20 Mayıs 1932 ila 8 Nisan 1933 tarihleri arasında ABD'nin Türkiye büyükelçiliğini yapan kişi; Türkiye Cumhuriyeti'ni ve İstanbul'u anlatırken "Costantinople değil İstanbul'dur." der ve özetle şöyle devam eder: Bu eski şehir için Costantinople demeye o kadar alışmışız ki, İstanbul demekte güçlük çekiyoruz. Buna rağmen Ocak 1929'dan bu yana kentin adı İstanbul'dur. Çünkü, 3 Ocak 1929'da Türkiye'nin "Posta Telgraf Telefon" Genel Müdürü, merkezi İsviçre Bern'de bulunan "Uluslararası Posta Telgraf Telefon Teşkilatı"na mektup göndererek; bundan böyle "Constantinople" değil, "İstanbul" adının kullanılması gerektiğini resmen bildirmiştir. Costantinople adıyla gönderilecek mektupların Türk posta yöneticileri tarafından geri gönderilme ihtimali kuvvetlidir. 


Bunları söyleyen kişi Türkiye ve Atatürk'le ilgili olarak 1933 yılında "Mosaics in Italy, Palestine, Syria, Turkey and Greece"; 1934'te "A Year's Embassy to Mustafa Kemal", aynı yıl "Trois Hommes: Kamal, Roosevelt, Mussolini" ve yine 1934'te "Mustafa Kemal; I'homme, I'oeuvre, le pays"  adlı kitapları yazan "Diplomat General Charles Hitchcock Sherrill"dir. 

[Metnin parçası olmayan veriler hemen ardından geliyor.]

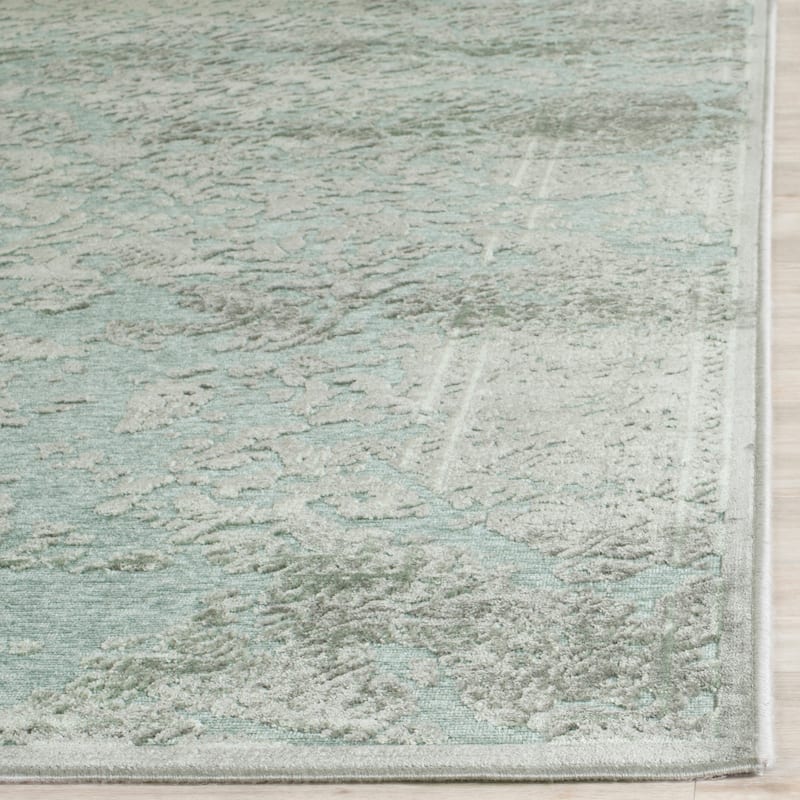 SAFAVIEH Paradise Anfisa Modern Viscose Rug - 5'3" x 7'6" - Stone/Cream - Rectangle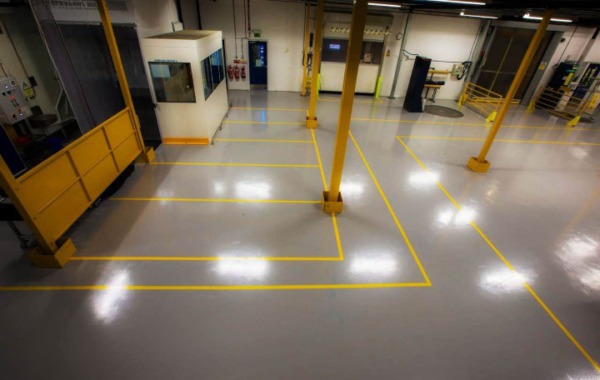 Heavy-duty epoxy coating application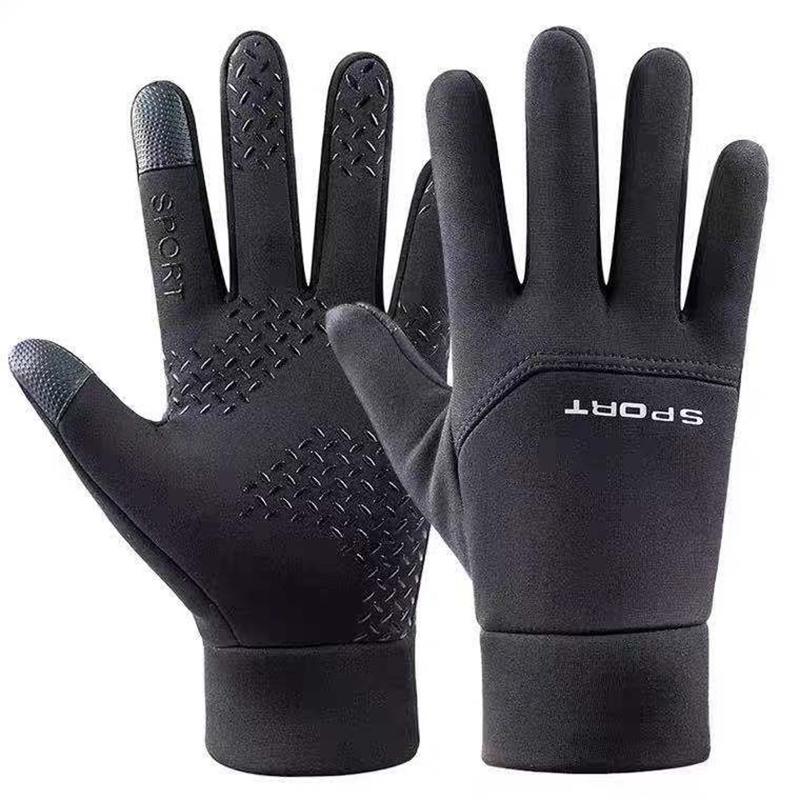 Winter Cycling Warm Gloves for Unisex Outdoor Sports Running Windproof Touch Screen Full Finger Gloves Washable Non Slip Gloves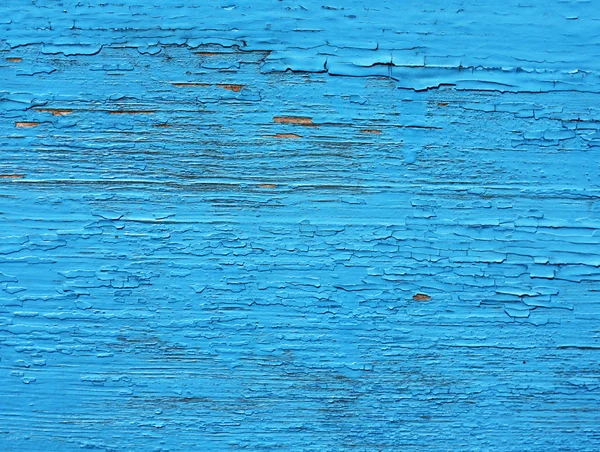 Fechando em painéis de madeira azul da cerca — Fotografia de Stock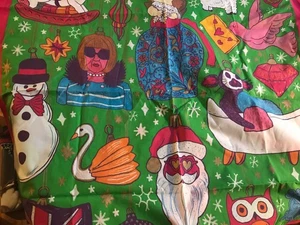 Lush Knot Wrap 🎄 Panno Furoshiki Natale 🎄 Christmas Baubles 2023 🎄 NUOVO - Foto 1 di 5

Yukarılarda bir yerde "Etiyopyalıların, ülkelerinin Habeşistan olan adını değiştirirken Atatürk'ün yöntemlerinden etkilendiğini" yazmıştım. Bilenlere soruyorum, izlenen yol aynı değil mi?

"Konunun içine bir de şarkı girmişti." demiştim ya, az sonra anlatacağım bu müzik olayını doğrulatamamış, o nedenle de bugüne dek yayınlamamıştım. Çünkü böyle bir olayın belgesinin olmaması bence mümkün değil. Son günlerde biraz da yanlış bilgilerle çerçevelenerek kullanılmaya başlandığı için kısaca da olsa söz etmek şart oldu. Tekrarlıyorum, doğrulanmamış bir bilgidir ve elinde belge olan biri varsa tarih adına bunu ortaya çıkarması gerektiğini duyurmak amacıyla konu etmekteyim.

VATANINA ÂŞIK BİR CUMHURBAŞKANI
Atatürk, günümüzde sıkça tanık olduğumuz; kamu kaynaklarını cebine indiren, dilediğine peşkeş çeken, ülke topraklarını hiç kimseye sormadan başka ülkelere armağan eden yönetici tiplemesine benzemezdi. Öz maaşı dâhil her şeyini vatan ve milleti için harcardı. Örneğin, halkına armağan ettiği "Atatürk Orman Çiftliği" gibi... Günümüzdekilerse yalnız kamunun değil, onun kamuya bıraktığı terekesini de sağa sola peşkeş çekmekteler. Kamununsa gıkı çıkmıyor. Böyle kamuya tabii ki böyle baş olacak!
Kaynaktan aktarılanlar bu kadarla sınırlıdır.